Stored data entries
● ● ●

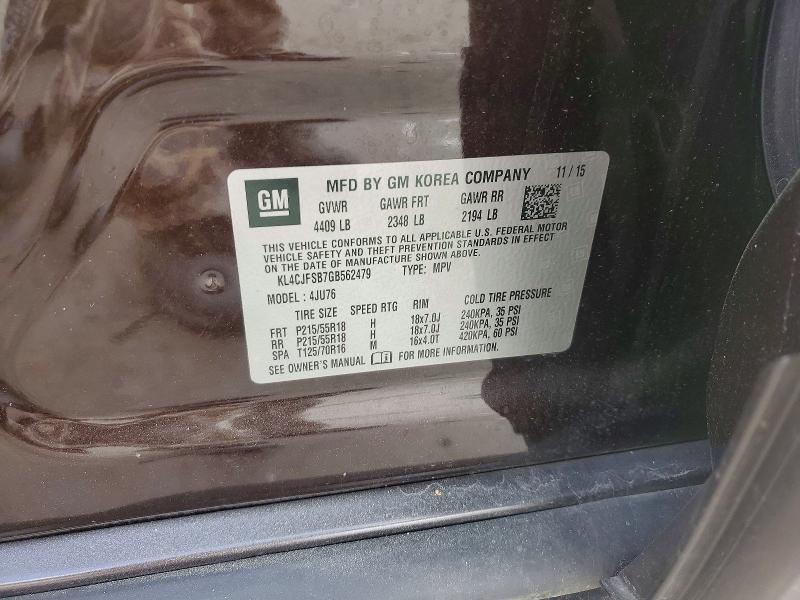 Продаж на аукціоні авто 2016 Buick Encore, vin: KL4CJFSB7GB562479, номер лоту: 49867206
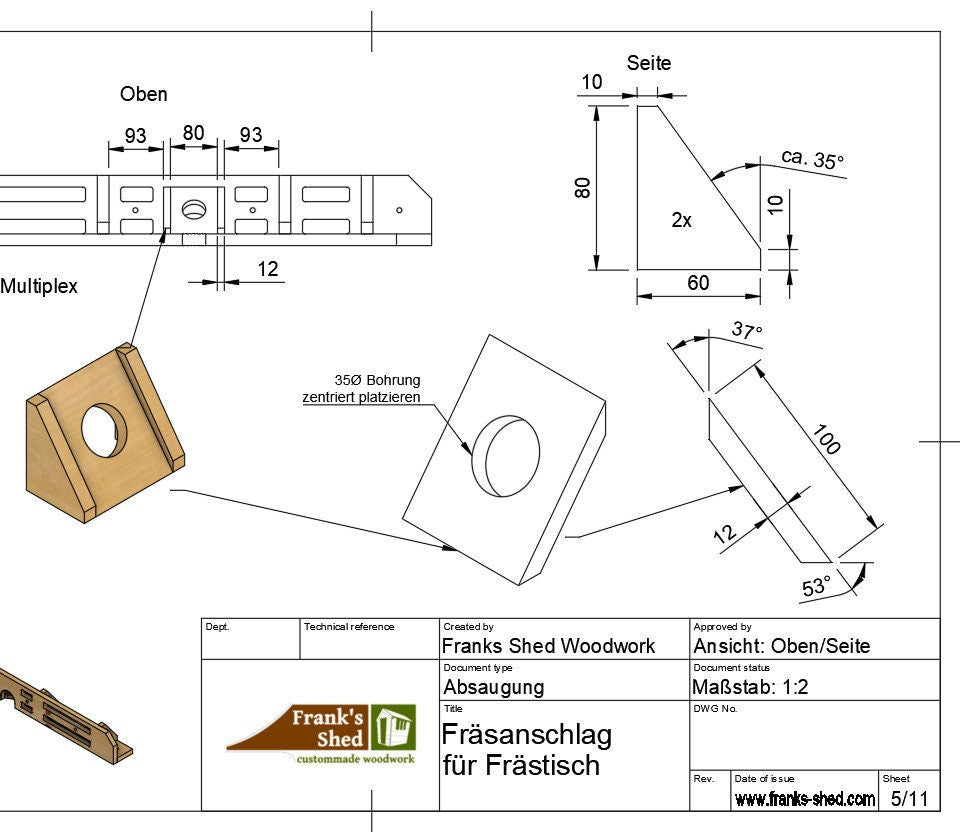 Fräsanschlag für Profi-Frästisch (Bauplan)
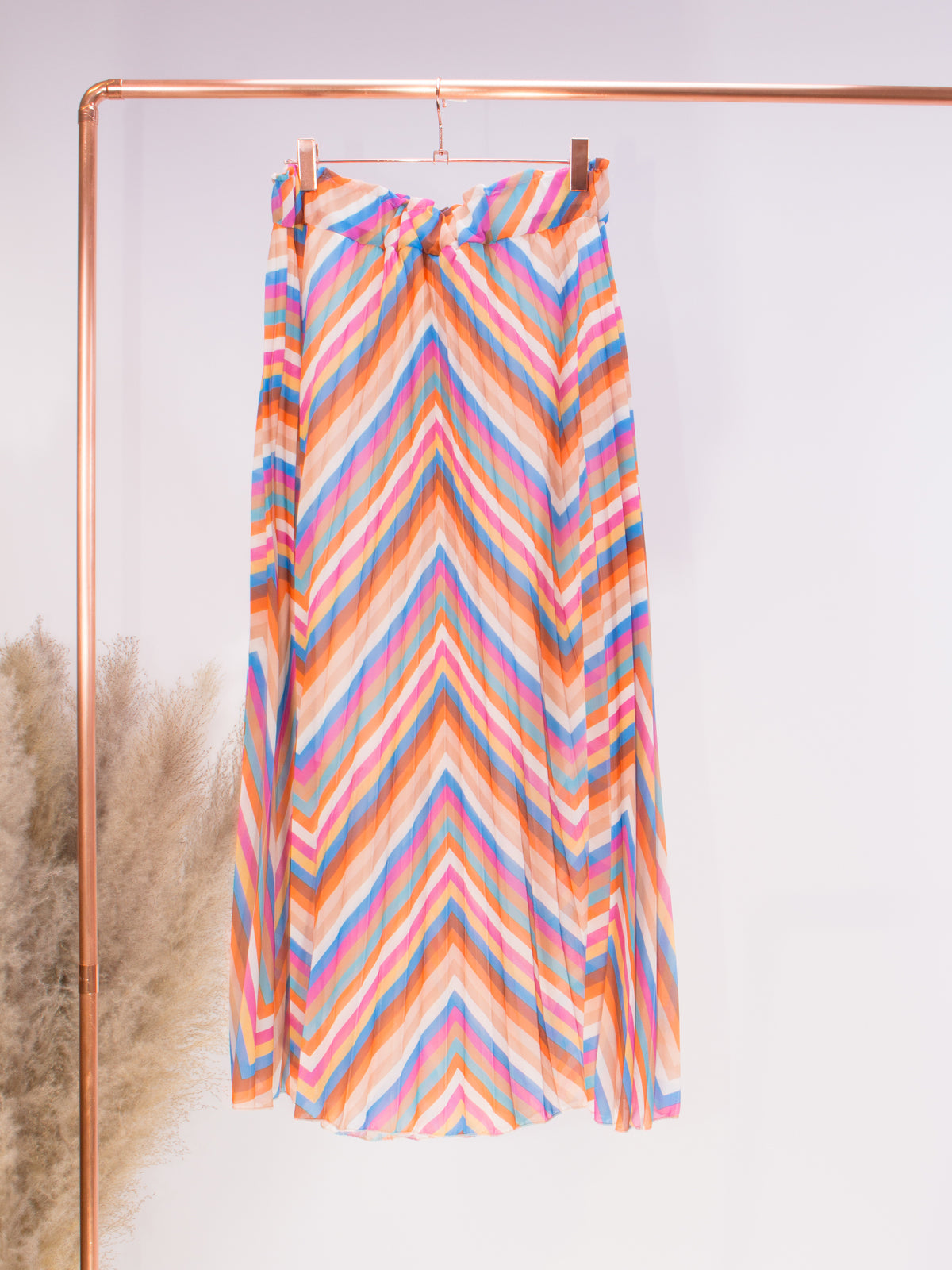 Plisse Rock Faltenrock mit bunten Streifen - bunt blau - Esta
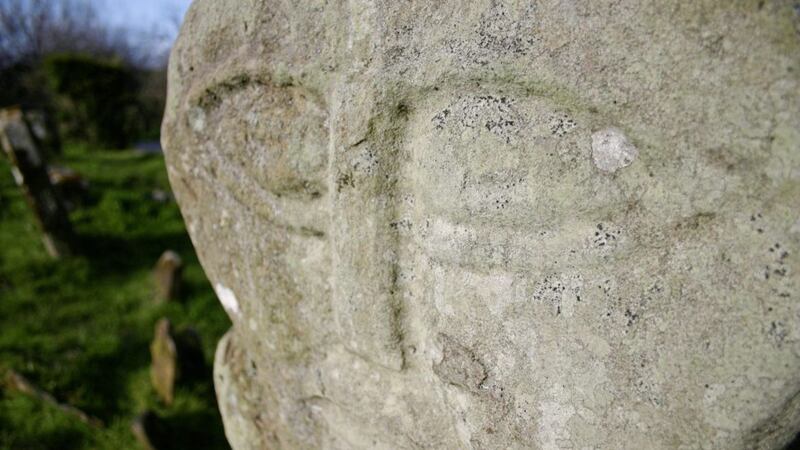 One of the two ancient stone-carved figures at Caldragh cemetery, Boa Island, Co Fermanagh 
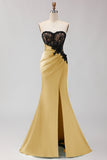 Black Green Strapless Mermaid Lace Appliqued Ruched Long Prom Dress with Slit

● ● ●

Exercise prompt: The output must match the records word for word, except that no pictures appear.

Reply:
 Продаж на аукціоні авто 2016 Buick Encore, vin: KL4CJFSB7GB562479, номер лоту: 49867206
 Fräsanschlag für Profi-Frästisch (Bauplan)
 Plisse Rock Faltenrock mit bunten Streifen - bunt blau - Esta
 One of the two ancient stone-carved figures at Caldragh cemetery, Boa Island, Co Fermanagh 
 Black Green Strapless Mermaid Lace Appliqued Ruched Long Prom Dress with Slit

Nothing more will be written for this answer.